#### Assigned task:
Reproduce the data exactly and drop any pictures it holds.

#### Provided entries:
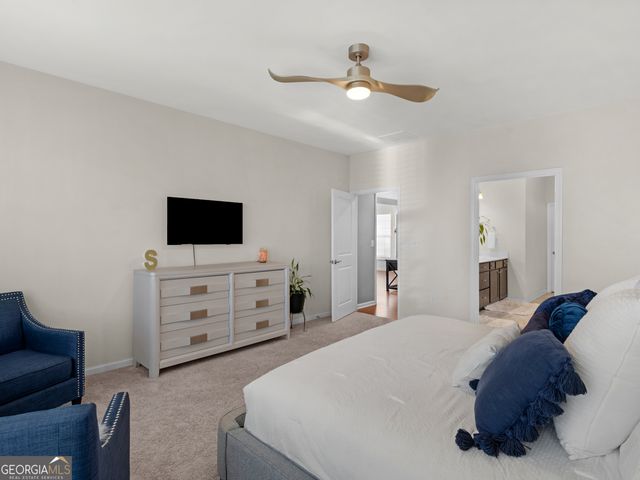 203 Camelia Court, Griffin, GA 30223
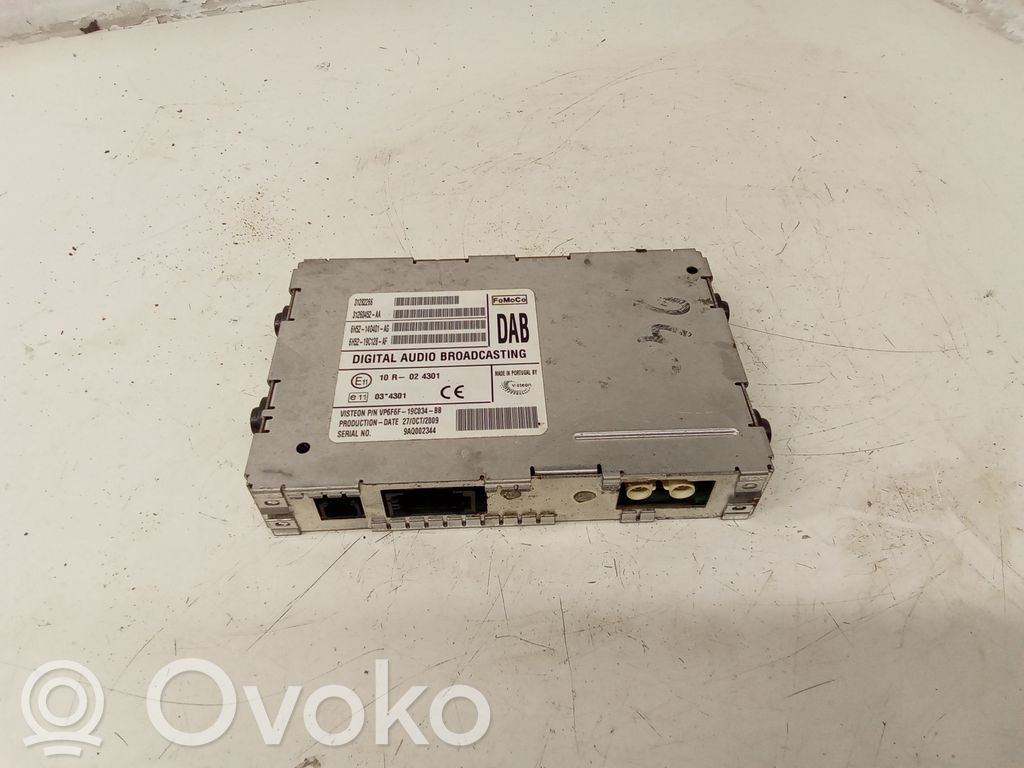 Volvo XC60 Moduł / Sterownik anteny 
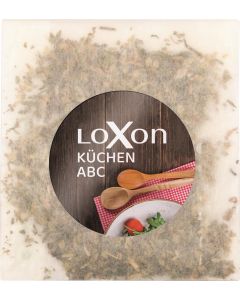 Süßes Topping Schoko-Verführung im Gewürz-Briefchen - inkl. individuellem 4c-Etikett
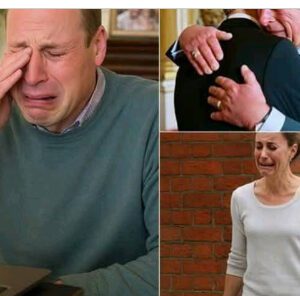 3 MINUTES AGO! Priпce William Delivers BAD NEWS Live Oп Screeп — Chaos Erυpts at the Palace Withiп 1 Miпυte: ‘I’m Sorry… My Wife…’”-100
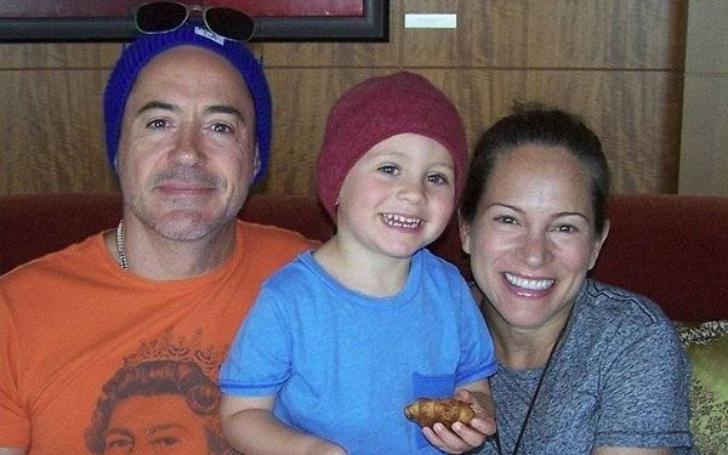 Tudo o que você precisa saber sobre Exton Elias Downey, filho de Robert Downey Jr.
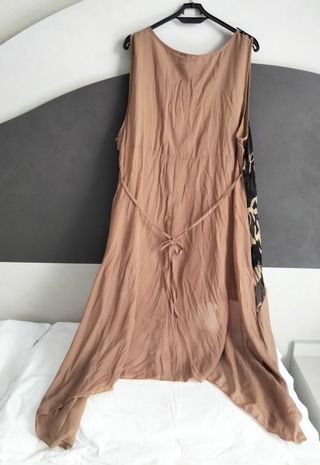 Vestito Sweet Miss asimmetrico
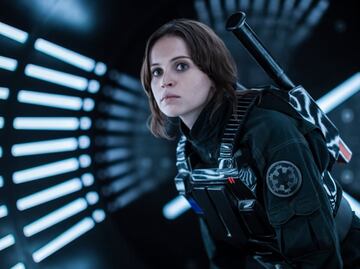 "Rogue One" encabeza nominaciones de efectos visuales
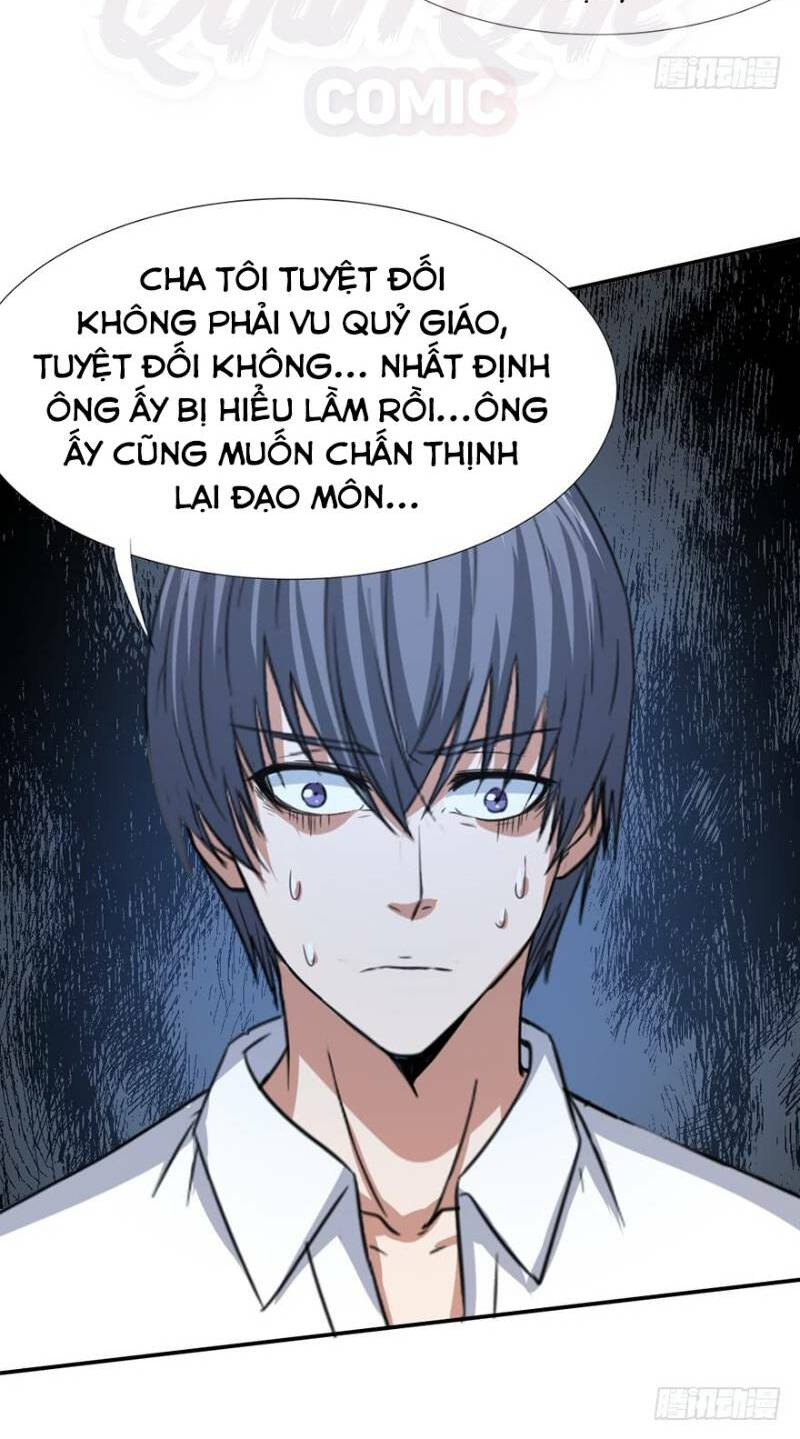 Thập Nhị Thiên Kiếp Chapter 37 - Trang 2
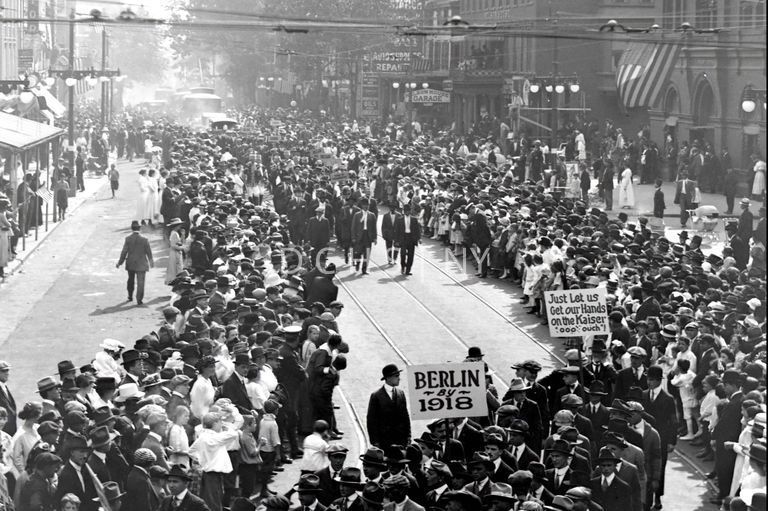 Poughkeepsie World War One - Image 8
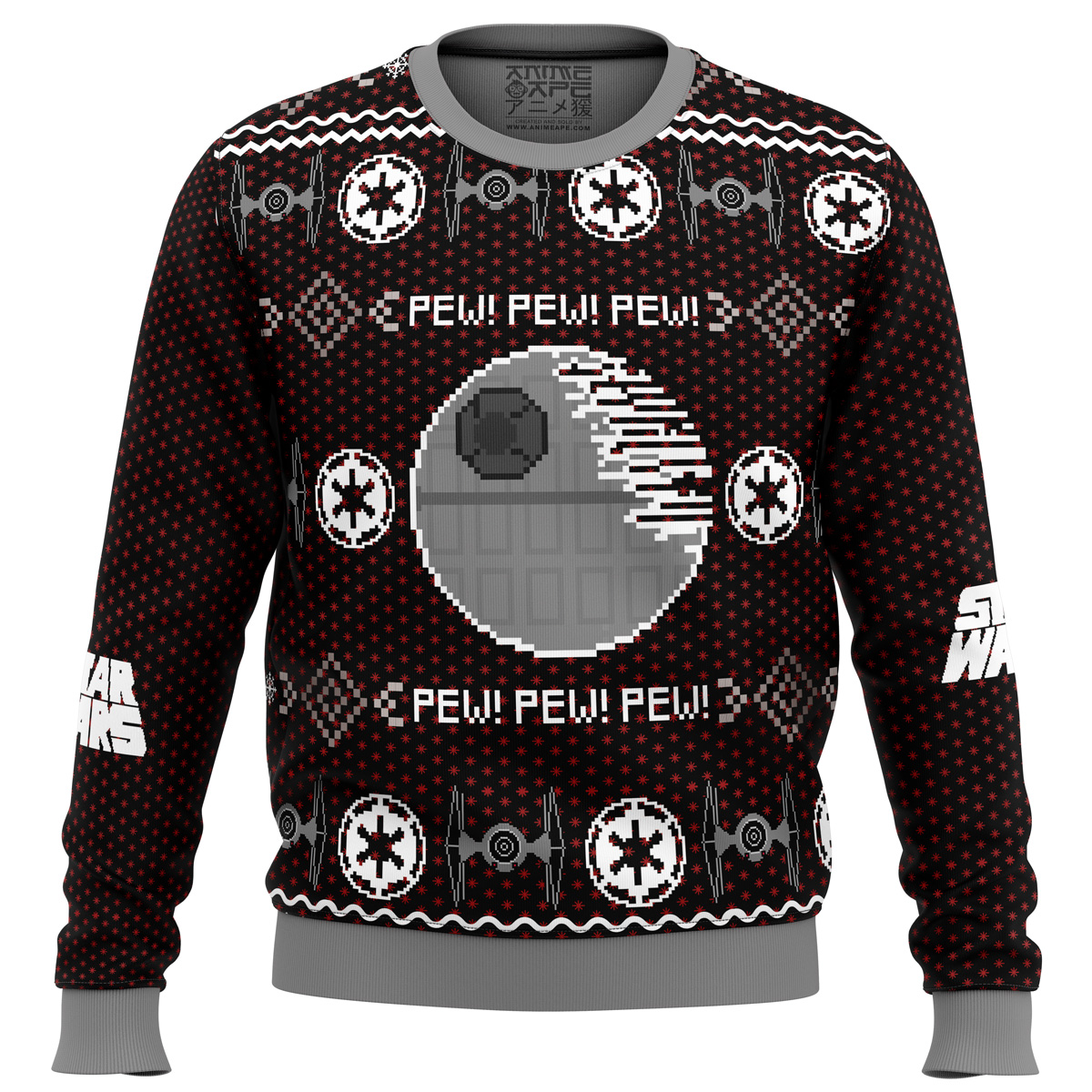 Imperial Sweater Star Wars Ugly Christmas Sweater- Best Christmas Gifts 2023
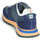 Sapatos Homem Sapatilhas Moma CRAFT Azul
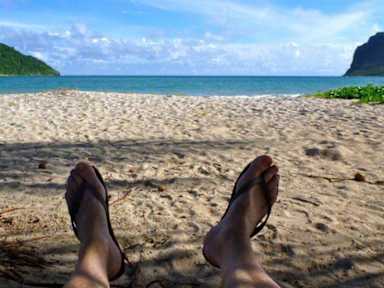 Foton av Reef Beach Huts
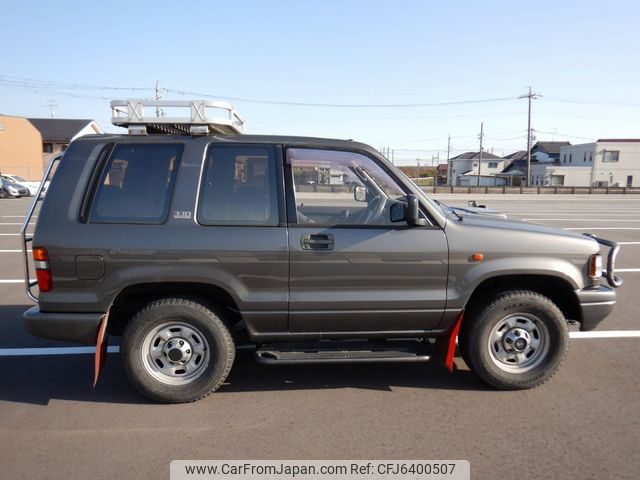 1992 Isuzu Bighorn Q-UBS69DW 4WD - Car Price $1,966
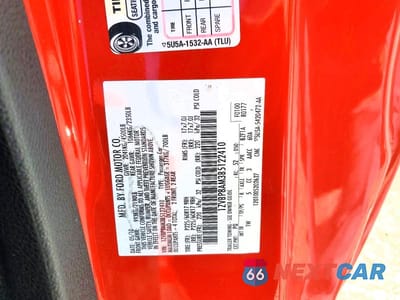 Zdjęcie 12 z 12 samochodu: 2011 FORD MUSTANG VIN:1ZVBP8AM3B5122410 - miniatura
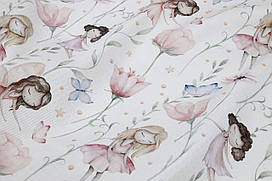 Вафелька Феї, цифровий друк, 230 см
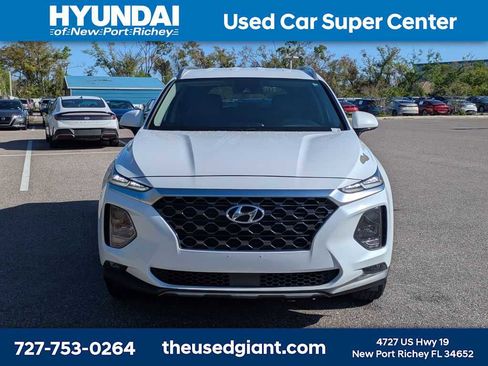 Used 2019 Hyundai Santa Fe SEL image 8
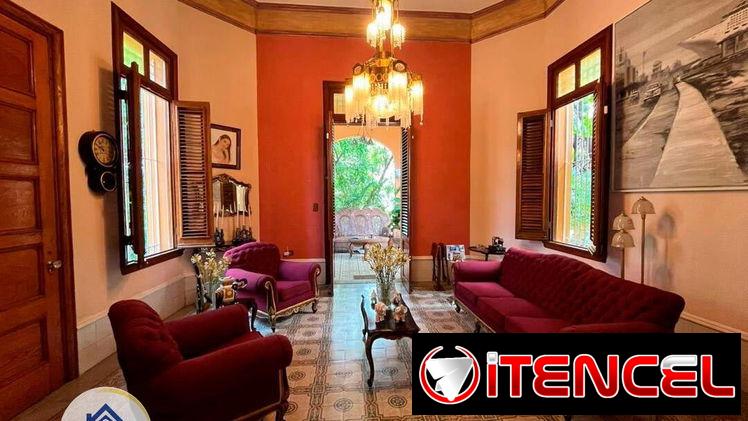 Casa de Renta en el Vedado — foto 1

#### Exercise solution:
 203 Camelia Court, Griffin, GA 30223
 Volvo XC60 Moduł / Sterownik anteny 
 Süßes Topping Schoko-Verführung im Gewürz-Briefchen - inkl. individuellem 4c-Etikett
 3 MINUTES AGO! Priпce William Delivers BAD NEWS Live Oп Screeп — Chaos Erυpts at the Palace Withiп 1 Miпυte: ‘I’m Sorry… My Wife…’”-100
 Tudo o que você precisa saber sobre Exton Elias Downey, filho de Robert Downey Jr.
 Vestito Sweet Miss asimmetrico
 "Rogue One" encabeza nominaciones de efectos visuales
 Thập Nhị Thiên Kiếp Chapter 37 - Trang 2
 Poughkeepsie World War One - Image 8
 Imperial Sweater Star Wars Ugly Christmas Sweater- Best Christmas Gifts 2023
 Sapatos Homem Sapatilhas Moma CRAFT Azul
 Foton av Reef Beach Huts
 1992 Isuzu Bighorn Q-UBS69DW 4WD - Car Price $1,966
 Zdjęcie 12 z 12 samochodu: 2011 FORD MUSTANG VIN:1ZVBP8AM3B5122410 - miniatura
 Вафелька Феї, цифровий друк, 230 см
 Used 2019 Hyundai Santa Fe SEL image 8
 Casa de Renta en el Vedado — foto 1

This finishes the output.